### Task requirements
Among the lines below, count those with "unfurnished". Give the total alone.

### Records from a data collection
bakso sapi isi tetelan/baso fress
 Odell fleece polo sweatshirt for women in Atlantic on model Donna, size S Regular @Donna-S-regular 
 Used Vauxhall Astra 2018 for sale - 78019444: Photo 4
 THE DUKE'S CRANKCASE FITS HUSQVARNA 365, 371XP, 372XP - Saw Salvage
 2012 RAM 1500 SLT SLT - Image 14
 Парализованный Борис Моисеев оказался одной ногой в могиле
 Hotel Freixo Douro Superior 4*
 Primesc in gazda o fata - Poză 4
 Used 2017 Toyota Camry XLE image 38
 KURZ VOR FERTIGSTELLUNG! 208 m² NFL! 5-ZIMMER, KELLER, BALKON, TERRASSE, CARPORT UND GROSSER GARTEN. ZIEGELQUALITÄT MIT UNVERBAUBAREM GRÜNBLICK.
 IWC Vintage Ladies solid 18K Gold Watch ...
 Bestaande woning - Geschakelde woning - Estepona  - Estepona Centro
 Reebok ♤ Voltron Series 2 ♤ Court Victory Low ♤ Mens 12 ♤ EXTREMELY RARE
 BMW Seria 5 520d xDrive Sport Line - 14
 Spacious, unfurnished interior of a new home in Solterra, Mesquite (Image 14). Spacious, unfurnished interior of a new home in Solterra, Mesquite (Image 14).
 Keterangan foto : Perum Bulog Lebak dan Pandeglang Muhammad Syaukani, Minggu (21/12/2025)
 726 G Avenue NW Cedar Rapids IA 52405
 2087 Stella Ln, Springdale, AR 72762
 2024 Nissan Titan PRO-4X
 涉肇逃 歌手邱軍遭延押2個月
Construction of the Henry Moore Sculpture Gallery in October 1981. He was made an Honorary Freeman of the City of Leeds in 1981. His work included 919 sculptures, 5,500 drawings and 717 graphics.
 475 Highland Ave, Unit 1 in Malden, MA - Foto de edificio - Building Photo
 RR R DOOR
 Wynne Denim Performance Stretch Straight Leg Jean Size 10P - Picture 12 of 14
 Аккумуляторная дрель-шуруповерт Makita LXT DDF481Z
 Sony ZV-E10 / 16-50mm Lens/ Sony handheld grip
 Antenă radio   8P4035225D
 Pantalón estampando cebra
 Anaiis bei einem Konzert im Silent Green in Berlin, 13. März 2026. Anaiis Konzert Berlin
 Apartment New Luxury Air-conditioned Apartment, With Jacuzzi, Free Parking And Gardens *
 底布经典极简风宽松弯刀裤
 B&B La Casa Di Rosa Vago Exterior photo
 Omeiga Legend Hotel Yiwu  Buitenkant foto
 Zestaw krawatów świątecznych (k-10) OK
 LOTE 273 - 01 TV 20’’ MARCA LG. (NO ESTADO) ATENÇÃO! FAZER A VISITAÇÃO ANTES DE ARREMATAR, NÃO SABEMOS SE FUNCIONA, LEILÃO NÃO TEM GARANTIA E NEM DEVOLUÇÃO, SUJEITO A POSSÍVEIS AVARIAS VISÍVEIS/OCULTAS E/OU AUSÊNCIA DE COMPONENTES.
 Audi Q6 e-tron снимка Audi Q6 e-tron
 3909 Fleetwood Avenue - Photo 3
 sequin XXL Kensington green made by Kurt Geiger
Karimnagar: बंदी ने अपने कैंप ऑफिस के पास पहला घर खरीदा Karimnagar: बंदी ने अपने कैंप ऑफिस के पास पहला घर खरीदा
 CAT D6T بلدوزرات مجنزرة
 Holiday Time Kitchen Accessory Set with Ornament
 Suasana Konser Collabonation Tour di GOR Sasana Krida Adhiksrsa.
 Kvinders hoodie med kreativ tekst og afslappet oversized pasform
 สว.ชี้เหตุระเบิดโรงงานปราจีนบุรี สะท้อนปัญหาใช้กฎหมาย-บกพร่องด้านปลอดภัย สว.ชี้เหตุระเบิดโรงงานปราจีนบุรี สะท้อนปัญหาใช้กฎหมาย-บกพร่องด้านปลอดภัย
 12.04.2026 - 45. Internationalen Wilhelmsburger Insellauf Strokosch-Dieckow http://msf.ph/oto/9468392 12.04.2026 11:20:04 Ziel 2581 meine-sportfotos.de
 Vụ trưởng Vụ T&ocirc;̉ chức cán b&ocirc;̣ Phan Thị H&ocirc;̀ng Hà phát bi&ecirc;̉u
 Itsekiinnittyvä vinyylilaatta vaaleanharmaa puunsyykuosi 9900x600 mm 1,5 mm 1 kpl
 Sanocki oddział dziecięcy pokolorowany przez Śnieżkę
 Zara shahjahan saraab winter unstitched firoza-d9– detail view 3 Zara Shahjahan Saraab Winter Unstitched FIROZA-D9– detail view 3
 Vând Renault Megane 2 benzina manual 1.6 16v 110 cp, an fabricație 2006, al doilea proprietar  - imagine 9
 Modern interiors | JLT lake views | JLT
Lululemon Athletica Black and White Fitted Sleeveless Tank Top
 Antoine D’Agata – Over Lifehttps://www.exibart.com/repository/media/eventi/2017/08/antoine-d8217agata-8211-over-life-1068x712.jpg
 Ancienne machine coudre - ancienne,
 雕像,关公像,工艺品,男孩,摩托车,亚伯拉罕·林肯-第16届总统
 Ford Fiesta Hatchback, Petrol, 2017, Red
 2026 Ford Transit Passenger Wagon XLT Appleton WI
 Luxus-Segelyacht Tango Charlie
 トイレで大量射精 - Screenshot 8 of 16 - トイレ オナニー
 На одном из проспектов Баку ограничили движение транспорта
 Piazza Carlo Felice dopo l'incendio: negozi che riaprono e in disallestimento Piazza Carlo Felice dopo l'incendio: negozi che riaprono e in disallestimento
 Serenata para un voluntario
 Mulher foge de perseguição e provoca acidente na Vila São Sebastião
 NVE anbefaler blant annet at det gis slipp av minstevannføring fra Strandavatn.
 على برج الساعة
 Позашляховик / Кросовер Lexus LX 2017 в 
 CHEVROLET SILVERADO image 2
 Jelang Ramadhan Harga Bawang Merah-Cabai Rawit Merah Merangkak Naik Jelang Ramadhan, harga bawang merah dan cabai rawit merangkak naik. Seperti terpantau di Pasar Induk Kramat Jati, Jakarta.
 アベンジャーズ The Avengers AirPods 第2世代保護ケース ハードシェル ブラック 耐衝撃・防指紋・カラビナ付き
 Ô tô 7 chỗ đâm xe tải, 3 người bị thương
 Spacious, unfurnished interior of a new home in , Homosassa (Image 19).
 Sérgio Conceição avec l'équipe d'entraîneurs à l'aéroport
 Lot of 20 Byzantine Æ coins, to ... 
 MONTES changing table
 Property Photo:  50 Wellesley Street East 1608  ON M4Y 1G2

### Reply to the task
2